Si les modalités d’octroi et la durée de l’agrément devront être fixées par décret, il est notamment prévu que son maintien sera subordonné au respect des conditions susmentionnées, mais également au respect du référentiel établi par la HAS ainsi qu’aux règles de prise en charge par l’Assurance Maladie fixées par la Convention médicale, auquel cas l’agrément pourra être suspendu, voire retiré. 

Par ailleurs, il est également prévu deux obligations à la charge des sociétés de téléconsultation agréées, lesquelles devront transmettre au conseil département de l’Ordre des médecins compétent et aux ministres chargés de la sécurité sociale et de la santé un programme d’action visant à garantir le respect de leurs obligations et assorti d’indicateurs de suivi, ainsi qu’un rapport sur leurs activités.

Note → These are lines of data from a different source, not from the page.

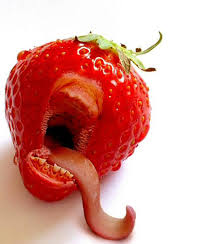 Elles laissent penser que les prix ne sont pas aussi bien encadrés en france. Fraises D Espagne On Arrete Le Massacre Oui Le Magazine De La Ruche Qui Dit Oui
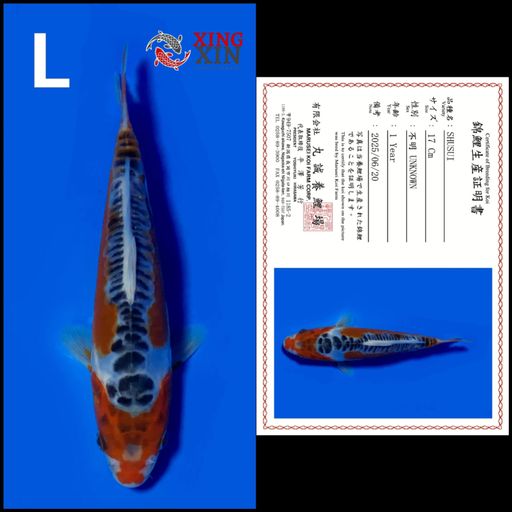 Ikan Koi SHUSUI MARUSEI 17cm, lelang koi SHUSUI MARUSEI 17cm, jual koi SHUSUI MARUSEI 17cm, beli koi SHUSUI MARUSEI 17cm, Lelang Koi Online, Jual Beli Ikan Koi, Pusat Jual Beli Koi, Info Lelang Koi Hari Ini, Platform Jual Beli Koi, Jual Beli Ikan Koi Online, Marketplace Ikan Koi, Jual Koi Terbaik, Tempat Beli Koi Berkualitas, Pasar Ikan Koi Online Terpercaya, Penjual Ikan Koi Terpercaya, Beli Koi Hias Online, Ikan Koi untuk Dijual, Koi Kualitas Terbaik, Toko Online Ikan Koi, Koi Hias Untuk Dijual, Jual Beli Ikan Koi Lokal, Koi Indonesia Online, Pusat Jual Beli Koi Terbesar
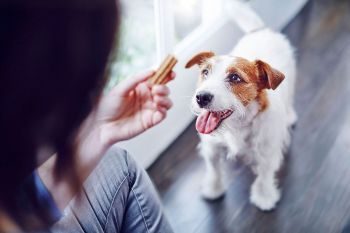 Ласощі для собак малих порід Purina DentaLife 115 г (7613035379817) Ласощі для собак малих порід Purina DentaLife 115 г (7613035379817) | Фото 8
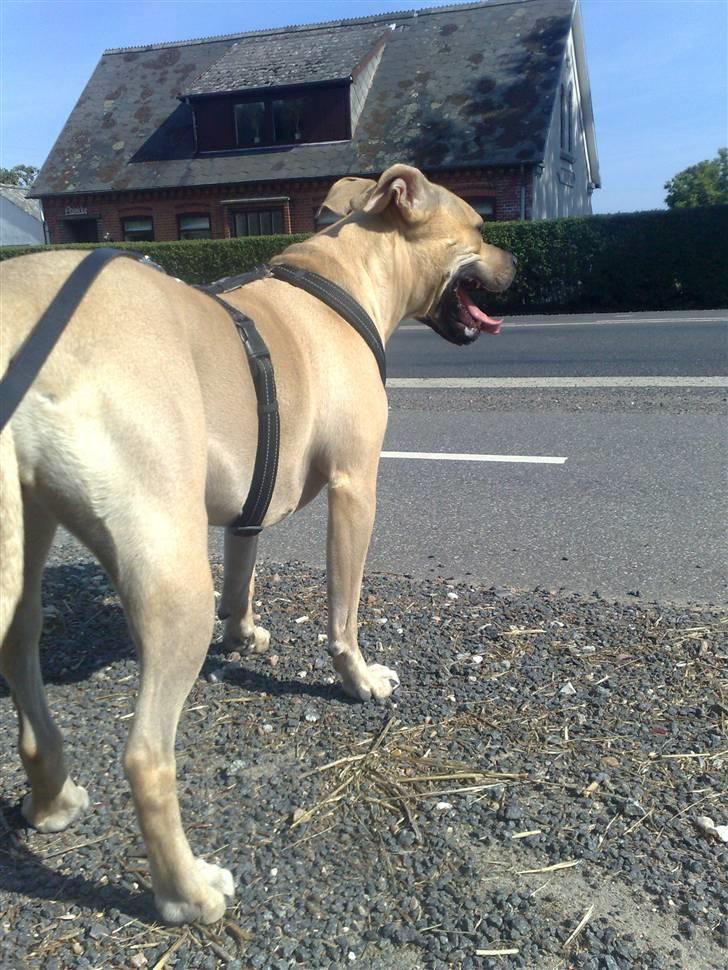 Amerikansk staffordshire terrier SOLLy billede 16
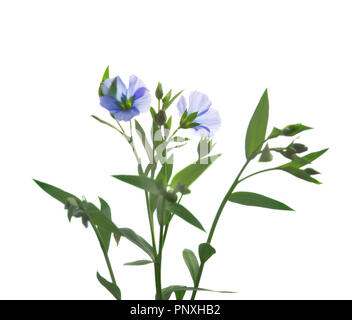 Flax flowers isolated on white background Stock Photo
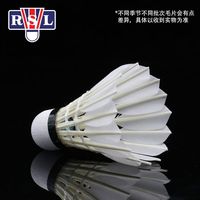 亚狮龙羽毛球100新款定制球鹅毛全圆室内外娱乐训练球专业比赛稳定耐打 亚狮龙100鹅毛耐打76速12只装 1筒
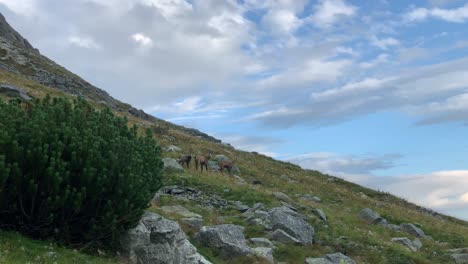 three chamois at high tatras mountain with amazing cloudy blue sky in slovakia - wide shot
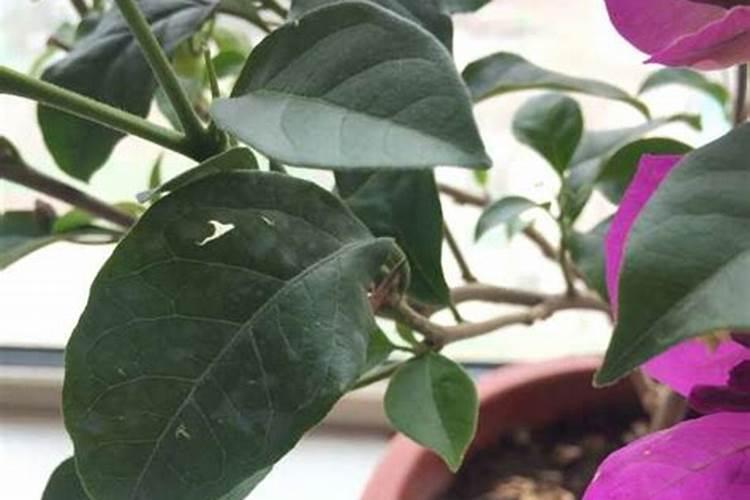 三角梅如何养护叶片花朵很鲜艳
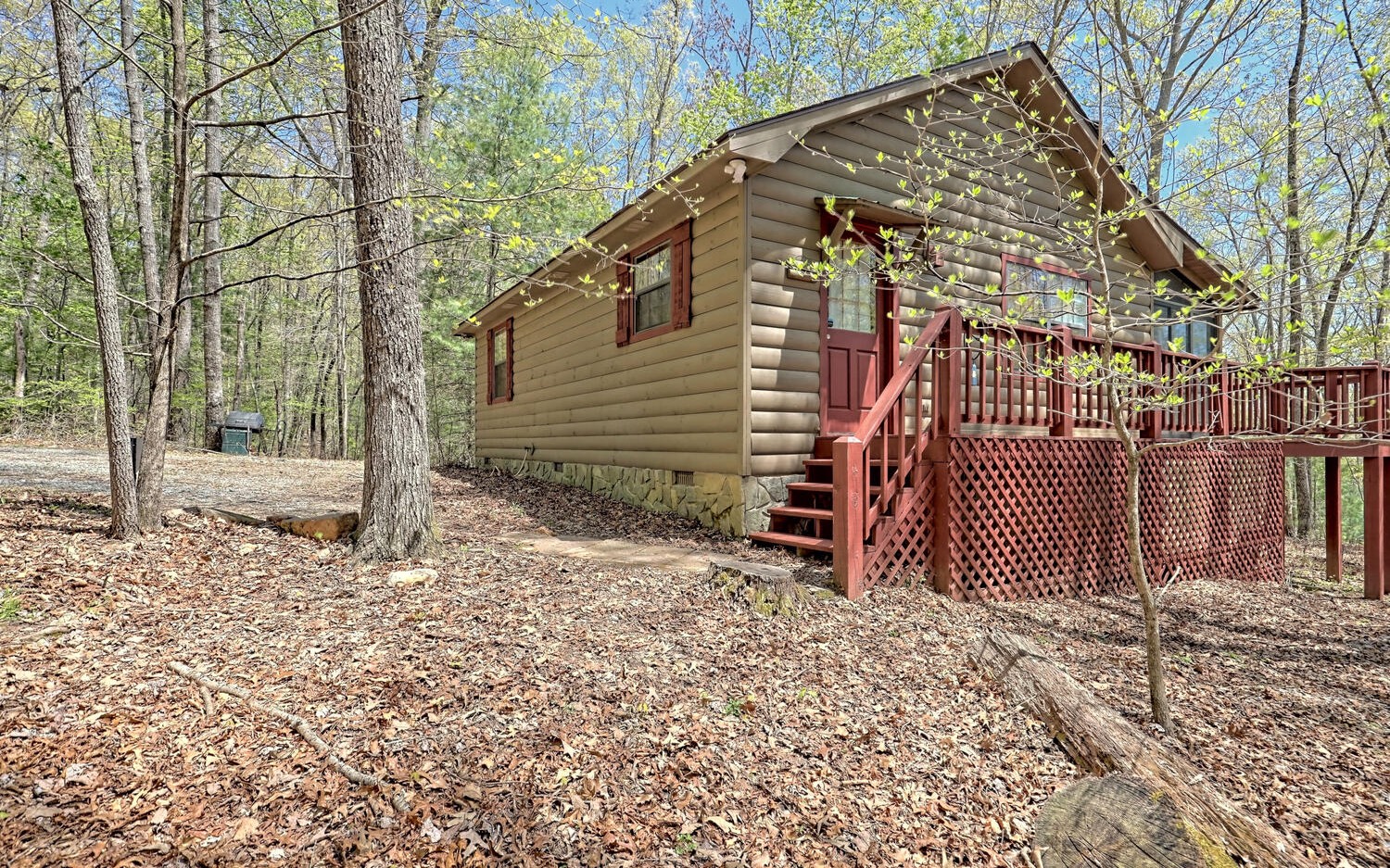 207 Blue Sky Drive Blue Ridge, GA 30513 - Photo 1 of 27 Main View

De plus, si plusieurs médecins exercent au sein d’une société agréée, celle-ci devra les réunir en un comité médical qui devra notamment contribuer à l’élaboration de la politique d’amélioration continue de la qualité et de la sécurité des soins de la société.

Enfin, en plus de constituer, pour les pouvoirs publics, un outil de réglementation et de contrôle de l’activité de téléconsultation de ces sociétés, cet agrément, dans la mesure où il sera public, aura vocation à servir de gage de qualité à l’égard des patients. Toutefois, ce dispositif de l’article 28 du PLFSS 2023 est susceptible d’évoluer au fil des discussions parlementaires – l’adoption définitive de la loi étant attendue pour la fin de l’année 2022.